Dans Le Courrier du 3 novembre, reprenant un article du Monde diplomatique, M. David Cole défend une liberté d’expression sans limite aucune, en dépit des dérapages verbaux de plus en plus fréquents que connaît son pays. «Opposer liberté et égalité conduit à une impasse», selon lui. Or ses propos me paraissent tout à fait inappropriés, du moins dans une optique suisse.

Certes, les Etats-Unis se sont faits les champions de la liberté d’expression, garantie par le 1er amendement à leur Constitution, promulgué en 1791. Mais cet amendement vise à limiter les pouvoirs du Congrès étatsunien , éventuellement aussi – par extension, controversée d’ailleurs – des autres pouvoirs législatifs des Etats et de l’exécutif fédéral.
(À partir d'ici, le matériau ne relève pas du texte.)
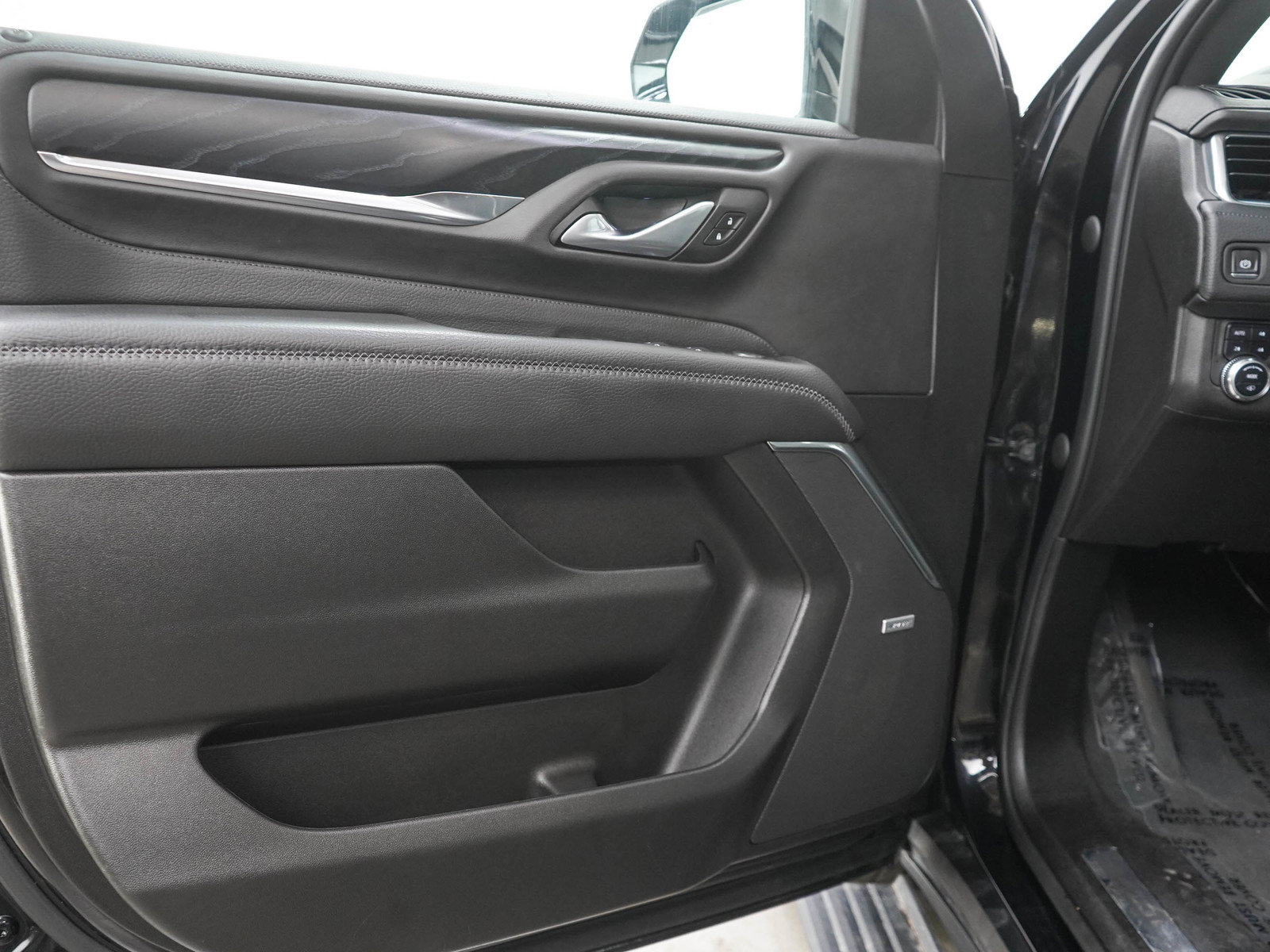 Used 2022 GMC Yukon Denali w/ Denali Premium Package AWD/4WD image 20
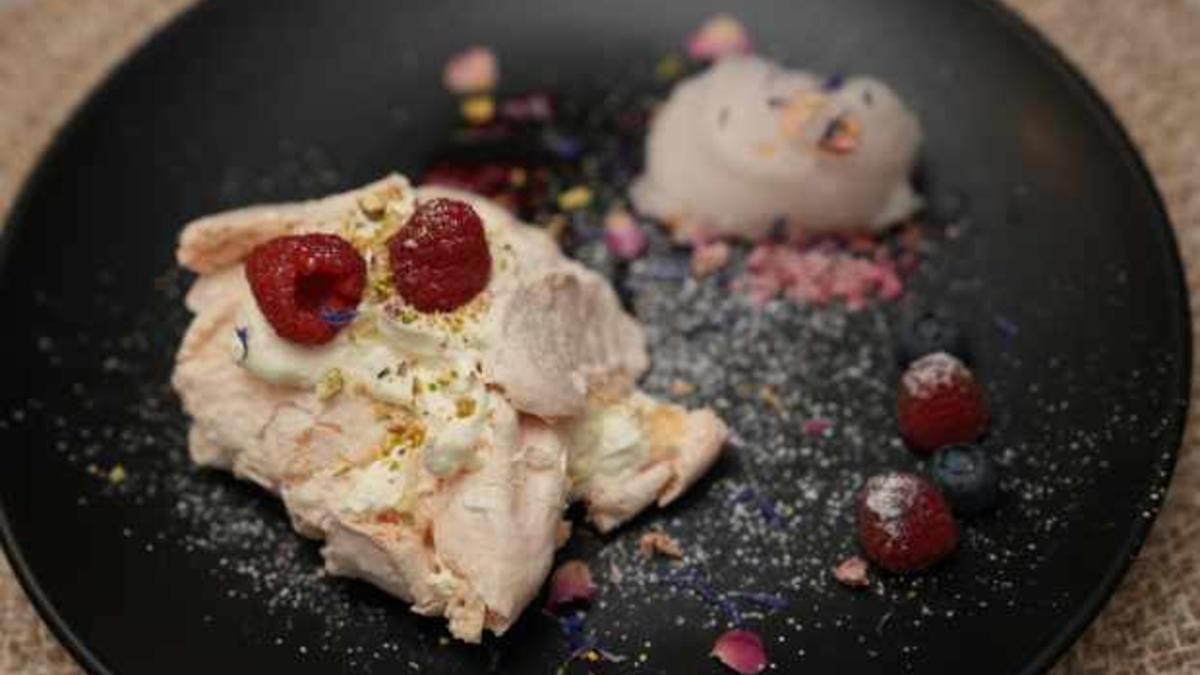 Das perfekte Dinner Rezepte - Baiser-Rolle mit Himbeeren und Rosensorbet Das perfekte Dinner Rezepte - Baiser-Rolle mit Himbeeren und Rosensorbet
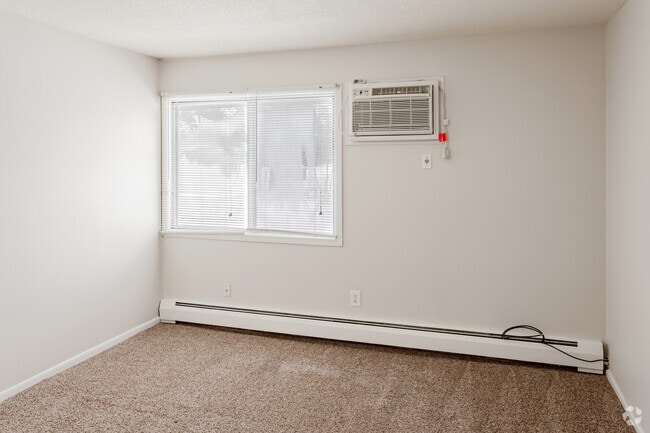 2BR, 1BA - Chanhassen Village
M. Cole ne prétend pas autre chose, en écrivant par exemple: «Nous nous trahirions nous-mêmes en autorisant nos dirigeants à gommer les points de vue qui leur paraîtraient inappropriés, erronés ou offensants.»

Certes. Mais tout autre est le mécanisme prévalant en Suisse, où la norme pénale interdisant les propos racistes tenus en public est inscrite dans le Code pénal (art. 261 bis). C’est donc à l’appareil judiciaire, et nullement au gouvernement ou aux Chambres fédérales, qu’il appartient de déterminer quels agissements tombent sous le coup de cette norme pénale. Les «inégalités de traitement» que dit craindre M. Cole sont par conséquent très improbables en Suisse, les institutions judiciaires – et particulièrement leur dernier «étage», le Tribunal fédéral, étant soigneusement construites de manière à éviter toute prise de pouvoir partisane en leur sein.

Lorsque M. Cole écrit: «Pourquoi donc les minorités confieraient-elles aux représentants de la majorité le soin de décréter quels discours doivent être bannis ou permis?», ou encore: «On ne gagnerait rien à laisser l’administration Trump – ni celle d’un Obama, d’ailleurs – contrôler ce qui peut être dit ou doit être tu», on peut lui donner raison… mais cela ne nous concerne en rien – même en remplaçant les noms de MM. Trump et Obama par ceux de nos fugaces présidents de la Confédération, voire par le Conseil fédéral tout entier…

Aux lecteurs, donc, de réaliser que cet article, intéressant certes, ne concernait rigoureusement que les Etats-Unis – et ne justifierait nulle remise en cause de la norme pénale antiraciste telle que nous la connaissons ici, heureusement!